東京都大田区に本部を置く東邦大学は、自然科学および生命科学系の総合大学です。理学部では2023年入学者から学部統一の初年次の教養教育科目として1年前期にチームビルディングの要素を取り入れた「初年次セミナー」を実施しています。従来は各学科で行われていた初年次教育を、学部で統一して行うことになったり、授業のファシリテーションを学科教員が担うことになったりと、負担のかかる大きなカリキュラム改定をいかにして実現したのか?学部内での抵抗はなかったのか?どのようにコンセンサスを得て実現にこぎつけたのか?その辺りの事情について、初年次セミナーのカリキュラム開発にも携わり、授業もファシリテーターも務められた朝倉 暁生先生(理学部生命圏環境科学科 教授)と後藤 友二先生(理学部生物学科 准教授)に話を聞かせていただきました。




(写真左上)朝倉 暁生先生、(写真右上)後藤 友二先生



――今年から理学部統一で初年度セミナーを導入されましたが、学科ごとに思惑やこれまで積み上げてきたものがある中で、足並みを揃えて学部統一で何かを始めることへの抵抗はなかったのでしょうか。いろんな学科のいろんな考えの先生を説得するのは難易度が高そうですが、どのように合意形成していったのですか?
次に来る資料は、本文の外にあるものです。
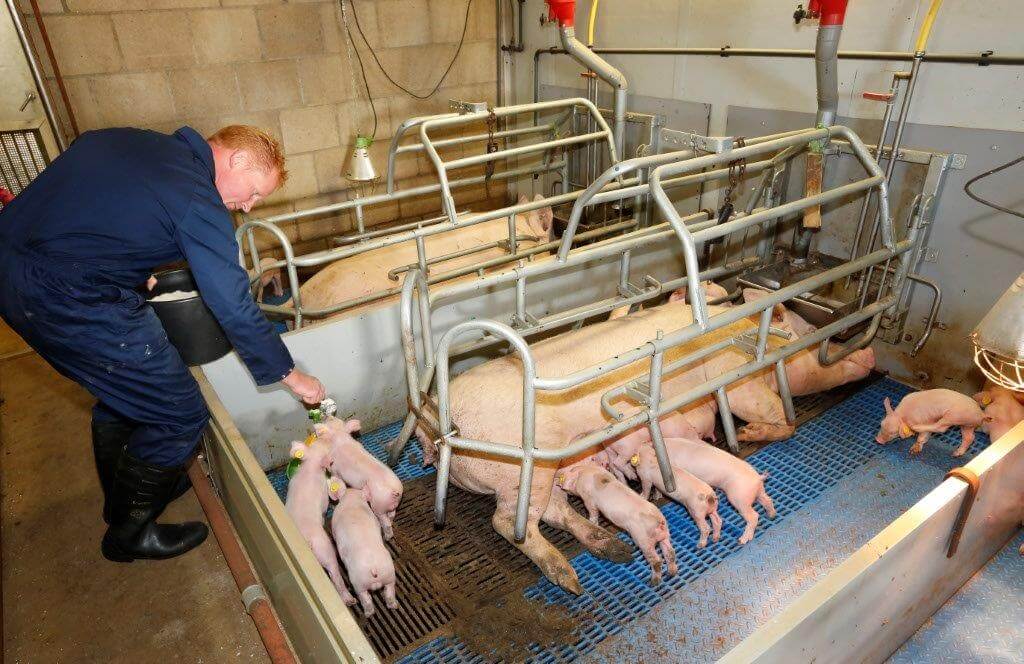 René begint met het bijvoeren van Nurse meel (melkpoeder) met het kleinste schepje. Daarmee geeft hij 25 gram per keer.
後藤先生 初年次セミナーは「アカデミックスキルを養成する科目をちゃんと導入したほうがいい」という発案がもとになっています。理学部5学科で足並みを揃えて進めるにあたっては、旧カリキュラムのキャリアデザイン1(1単位)・キャリアデザイン2(1単位)を、今の学生が必要とするプロセスを付け加えてアレンジしなおして初年次セミナー(2単位)に置き換えます、と説得しました。学科から単位を剥奪しなくてよいので、単位的な問題はなかったのですが、問題は教育負荷でした。生物学科は僕が、生命圏環境科学科は朝倉先生が担当するのでスムーズでしたが、教育開発センターに所属する教員がいない学科は教務主任経由で授業担当の先生を出してほしいと依頼したので、多少のすったもんだはあったのかもしれません。でも、2000年頃に比べて勉強していない(する習慣づけができていない)学生が増えていることに悩んでいるのはどの学科も共通でしたから。



――課題解決のための方策であれば、多少の手間は受け入れざるを得なかったということですね。学生の質の変化については、IRなどのデータで確認されていたんでしょうか?


後藤先生 単純に少子化の問題です。2000年に200万人近くいた18歳人口が今は110万くらいになっています。上位の大学は学科も定員も増やしていて、椅子取りゲーム的にいえば、すごく大学にいきたくて必死に勉強しているという学生は1つ上のランクの大学にチャレンジしやすいわけです。上の大学にチャレンジしていく。一方で、勉強癖がついてない学生が入ってくるようになった大学では、ちゃんと勉強の仕方から教えるとか、勉強する意味を教えるといったスタイルにしなければならない。アカデミックスキルをつけることから大学の学びに入っていかないといけないということを、教員にも学生にも伝えるきっかけとして初年次セミナーの立ち上げを進めていきました。



――今の話に朝倉先生から補足はありますか?


朝倉先生 はい。これまでカリキュラム改定は学科ごとに行っていたのですが、今回は学部横断的に行うことになり、6学科のカリキュラムの基本コンポーネントを揃えることになったのが大きな変更点でした。今回の新カリキュラムはつくることも苦労したし、教務主任間でのコミュニケーションもかなり綿密に行いました。その中でなるべく基礎教育は学科横断的にしましょうということになり、その1つが初年次セミナーだったというわけです。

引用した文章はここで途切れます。